Während der Rettungsdienst im Landkreis Lörrach beim Ausrücken positiv abschneidet, besteht beim rechtzeitigen Ankommen Verbesserungsbedarf. Zudem gibt es zu viele Einsätze für den ärztlichen Bereitschaftsdienst, zu weite Strecken zu überbrücken, da zu wenige Standorte und auch zu wenige Fahrzeuge vorhanden sind.

Kritik an Verwaltung

Deutliche Kritik übt Blum an den Planungen zur verkehrlichen Erschließung des Zentralklinikums, das im Jahr 2025 seine Pforten öffnen soll. „Über Jahre fiel es offensichtlich keinem Verantwortlichen auf, dass dieses Zukunftsprojekt nicht mit öffentlichen Verkehrsmitteln erreichbar sein wird. Und als es dann allen klar wurde, da war eigentlich niemand bereit, die Verantwortung zu übernehmen“, schreibt der Politiker. „Die Verantwortung liegt bei uns, wir hätten es wissen müssen, oder nicht?“, so Blum weiter.

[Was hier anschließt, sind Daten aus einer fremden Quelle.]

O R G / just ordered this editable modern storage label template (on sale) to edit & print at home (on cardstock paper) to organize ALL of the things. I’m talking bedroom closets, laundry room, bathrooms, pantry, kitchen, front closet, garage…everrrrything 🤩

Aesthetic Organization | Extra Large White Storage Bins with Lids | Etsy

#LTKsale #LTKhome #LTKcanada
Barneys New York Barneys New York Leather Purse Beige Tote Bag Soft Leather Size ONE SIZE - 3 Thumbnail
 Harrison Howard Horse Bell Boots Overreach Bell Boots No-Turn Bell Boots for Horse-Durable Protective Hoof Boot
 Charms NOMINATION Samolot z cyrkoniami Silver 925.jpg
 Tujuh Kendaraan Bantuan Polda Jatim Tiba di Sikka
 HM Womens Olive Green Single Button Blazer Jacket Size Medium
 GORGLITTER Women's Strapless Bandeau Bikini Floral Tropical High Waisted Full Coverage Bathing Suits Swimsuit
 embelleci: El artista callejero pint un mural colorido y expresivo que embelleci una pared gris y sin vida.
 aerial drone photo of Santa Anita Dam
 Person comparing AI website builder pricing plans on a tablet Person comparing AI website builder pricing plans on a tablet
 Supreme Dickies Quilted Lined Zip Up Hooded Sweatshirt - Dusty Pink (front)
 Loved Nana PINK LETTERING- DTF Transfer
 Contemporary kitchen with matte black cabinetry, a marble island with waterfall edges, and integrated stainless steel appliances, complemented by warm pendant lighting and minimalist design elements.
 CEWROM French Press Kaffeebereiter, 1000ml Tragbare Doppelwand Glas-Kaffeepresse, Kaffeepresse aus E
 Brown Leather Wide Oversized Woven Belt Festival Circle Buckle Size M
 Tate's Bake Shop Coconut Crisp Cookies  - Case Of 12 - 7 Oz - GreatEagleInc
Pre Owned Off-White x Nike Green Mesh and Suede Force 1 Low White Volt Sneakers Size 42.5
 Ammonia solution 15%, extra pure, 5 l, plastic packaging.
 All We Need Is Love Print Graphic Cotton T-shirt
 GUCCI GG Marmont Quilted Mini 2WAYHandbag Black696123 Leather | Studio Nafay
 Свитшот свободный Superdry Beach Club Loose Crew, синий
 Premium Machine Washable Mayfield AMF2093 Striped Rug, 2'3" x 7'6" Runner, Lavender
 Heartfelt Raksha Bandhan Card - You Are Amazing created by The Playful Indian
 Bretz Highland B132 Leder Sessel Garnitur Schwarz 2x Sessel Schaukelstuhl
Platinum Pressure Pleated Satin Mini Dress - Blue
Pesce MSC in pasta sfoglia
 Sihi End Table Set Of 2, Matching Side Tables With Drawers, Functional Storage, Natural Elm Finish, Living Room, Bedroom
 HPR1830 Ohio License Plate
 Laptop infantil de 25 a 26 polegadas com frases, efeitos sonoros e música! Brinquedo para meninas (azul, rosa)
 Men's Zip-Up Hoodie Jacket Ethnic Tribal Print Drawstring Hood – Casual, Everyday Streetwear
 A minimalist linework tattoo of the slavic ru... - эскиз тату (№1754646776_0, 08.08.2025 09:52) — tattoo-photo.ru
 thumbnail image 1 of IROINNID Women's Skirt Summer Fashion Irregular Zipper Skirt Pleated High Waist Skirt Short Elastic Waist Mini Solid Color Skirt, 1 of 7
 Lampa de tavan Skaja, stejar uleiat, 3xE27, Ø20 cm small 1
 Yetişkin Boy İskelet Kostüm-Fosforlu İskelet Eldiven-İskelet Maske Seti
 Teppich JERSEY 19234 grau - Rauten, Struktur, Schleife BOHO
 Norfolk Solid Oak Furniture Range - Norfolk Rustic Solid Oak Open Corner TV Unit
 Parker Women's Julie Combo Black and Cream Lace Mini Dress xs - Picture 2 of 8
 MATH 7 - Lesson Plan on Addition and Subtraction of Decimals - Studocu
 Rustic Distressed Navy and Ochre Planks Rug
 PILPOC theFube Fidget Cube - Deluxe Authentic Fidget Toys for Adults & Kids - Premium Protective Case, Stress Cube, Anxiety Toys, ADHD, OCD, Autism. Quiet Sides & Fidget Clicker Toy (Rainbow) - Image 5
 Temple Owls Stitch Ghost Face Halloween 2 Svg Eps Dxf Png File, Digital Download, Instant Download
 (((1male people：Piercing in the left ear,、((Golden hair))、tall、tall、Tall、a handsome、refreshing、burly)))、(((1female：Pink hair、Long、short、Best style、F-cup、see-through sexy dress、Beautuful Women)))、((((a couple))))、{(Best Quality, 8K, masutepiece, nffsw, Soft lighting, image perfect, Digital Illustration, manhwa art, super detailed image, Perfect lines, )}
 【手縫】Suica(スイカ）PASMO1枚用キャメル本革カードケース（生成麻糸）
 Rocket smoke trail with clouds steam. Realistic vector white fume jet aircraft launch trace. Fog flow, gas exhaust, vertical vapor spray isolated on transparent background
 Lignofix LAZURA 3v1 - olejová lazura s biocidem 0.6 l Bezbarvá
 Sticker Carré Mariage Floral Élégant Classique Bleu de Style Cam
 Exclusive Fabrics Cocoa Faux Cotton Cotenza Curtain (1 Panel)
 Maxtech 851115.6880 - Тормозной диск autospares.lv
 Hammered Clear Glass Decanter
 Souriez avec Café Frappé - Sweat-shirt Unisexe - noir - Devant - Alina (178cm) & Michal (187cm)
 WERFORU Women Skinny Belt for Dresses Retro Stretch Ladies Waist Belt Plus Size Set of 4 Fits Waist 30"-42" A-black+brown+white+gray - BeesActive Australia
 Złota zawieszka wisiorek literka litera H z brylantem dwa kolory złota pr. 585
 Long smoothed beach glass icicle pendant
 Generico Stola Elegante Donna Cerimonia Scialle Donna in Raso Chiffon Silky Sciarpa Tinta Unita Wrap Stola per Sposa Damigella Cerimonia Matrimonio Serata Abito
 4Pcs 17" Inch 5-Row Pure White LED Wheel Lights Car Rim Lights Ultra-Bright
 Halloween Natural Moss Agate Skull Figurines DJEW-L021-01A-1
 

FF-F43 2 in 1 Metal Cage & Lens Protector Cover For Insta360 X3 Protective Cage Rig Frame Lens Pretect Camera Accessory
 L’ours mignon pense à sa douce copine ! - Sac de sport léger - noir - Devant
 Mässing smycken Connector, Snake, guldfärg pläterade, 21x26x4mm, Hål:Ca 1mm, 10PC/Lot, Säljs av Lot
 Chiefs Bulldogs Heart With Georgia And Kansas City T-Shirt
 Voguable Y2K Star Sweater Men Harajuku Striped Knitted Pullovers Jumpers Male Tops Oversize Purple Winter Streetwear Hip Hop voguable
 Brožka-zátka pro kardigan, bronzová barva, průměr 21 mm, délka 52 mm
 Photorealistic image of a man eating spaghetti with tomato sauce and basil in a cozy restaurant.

Das Landratsamt, das Regierungspräsidium als Kontrollbehörde, das Land als Zuschussgeber: Keinem scheint es aufgefallen zu sein, dass Kranke, Angehörige, Besucher nicht mit dem eigenen PKW oder dem Dienstwagen vorfahren. Nun sei das Kind im Brunnen, und alle Beteiligten bemühten sich, das Beste aus der Situation zu machen, meint Blum, der eine externe Evaluierung möglicher Versäumnisse bei der Verkehrsanbindung, aber auch bei Fragen rund um die Planung des Einsatzes alternativer Energie und Umweltschutz fordert.